YOUR ASSIGNMENT: Although the data holds pictures, return only the lines from the one containing "Op de afbeelding: Een" to the end, exactly, and without them.

MATERIAL PROVIDED:
----------
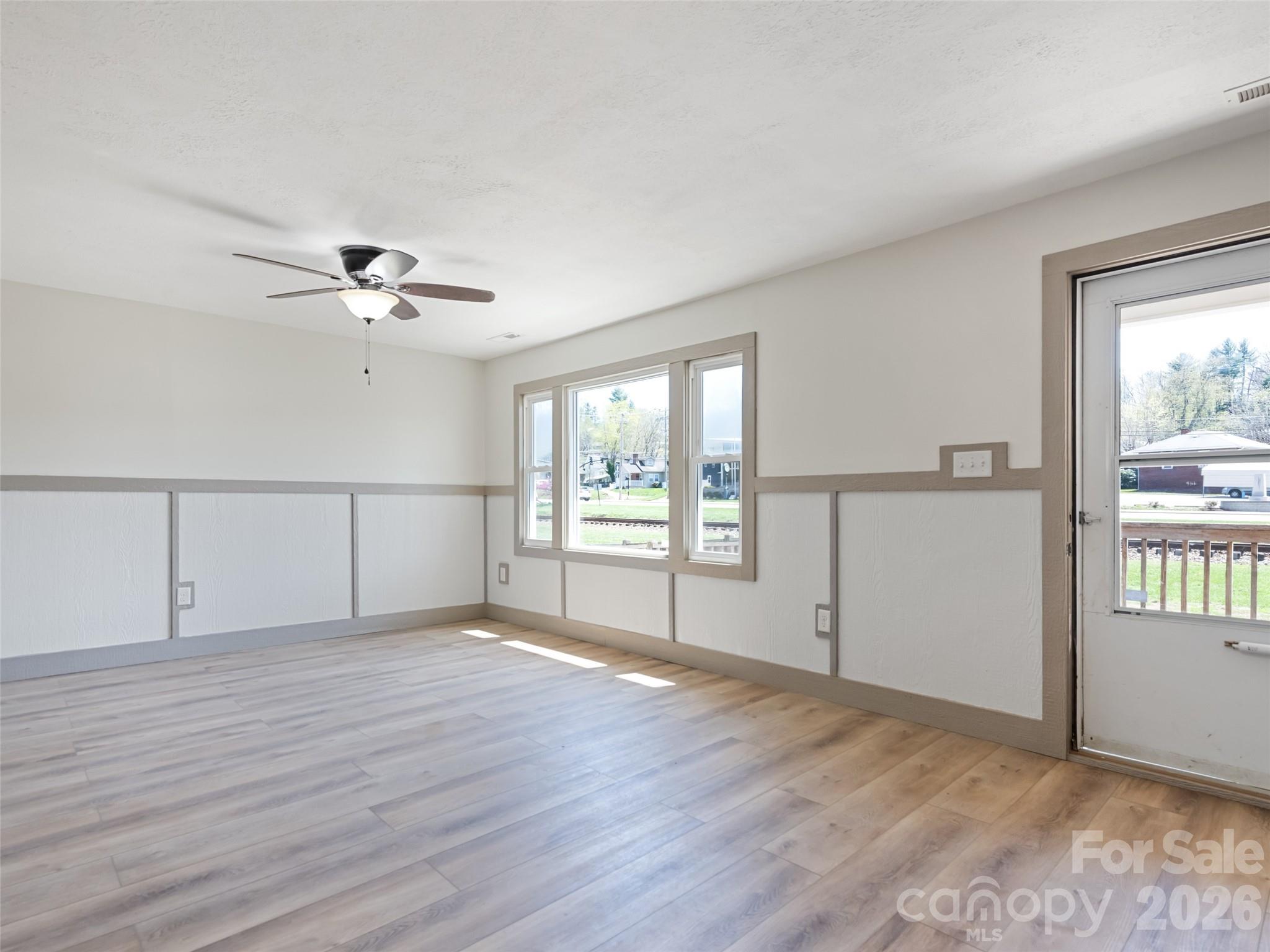 13 Depot Street Clyde, NC 28721 - Photo 17 of 21 a view of an empty room with a window and wooden floor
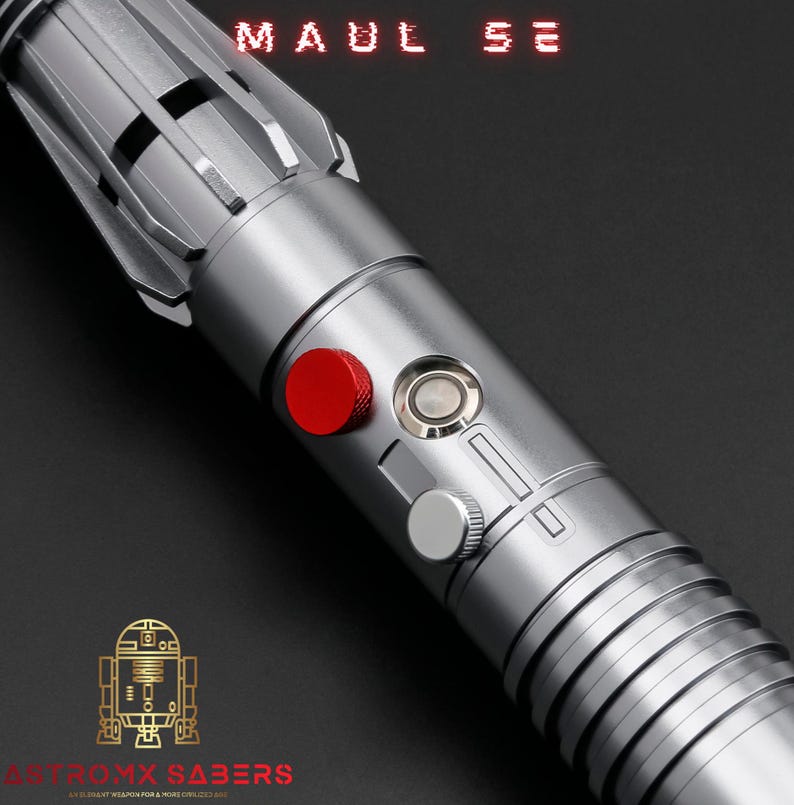 Op de afbeelding: Een zilveren lichtzwaard met een rode knop en een zilveren bedieningspaneel. De tekst "MAUL SE" staat bovenaan. De onderkant van het lichtzwaard heeft de tekst "ASTRO MX SABERS" en een gouden robotafbeelding.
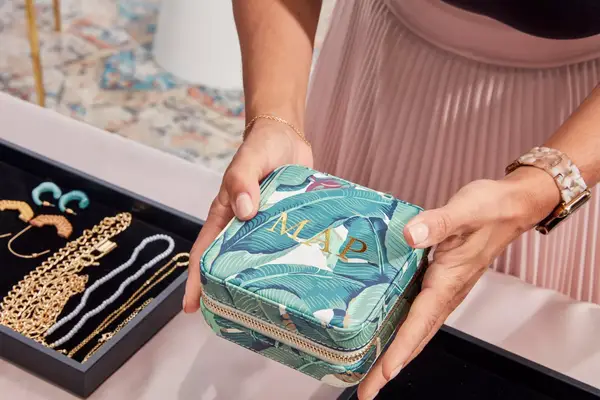 Hands holding a closed Mark & Graham Small Travel Jewelry Case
----------
WRITTEN ANSWER:
 Op de afbeelding: Een zilveren lichtzwaard met een rode knop en een zilveren bedieningspaneel. De tekst "MAUL SE" staat bovenaan. De onderkant van het lichtzwaard heeft de tekst "ASTRO MX SABERS" en een gouden robotafbeelding.
 Hands holding a closed Mark & Graham Small Travel Jewelry Case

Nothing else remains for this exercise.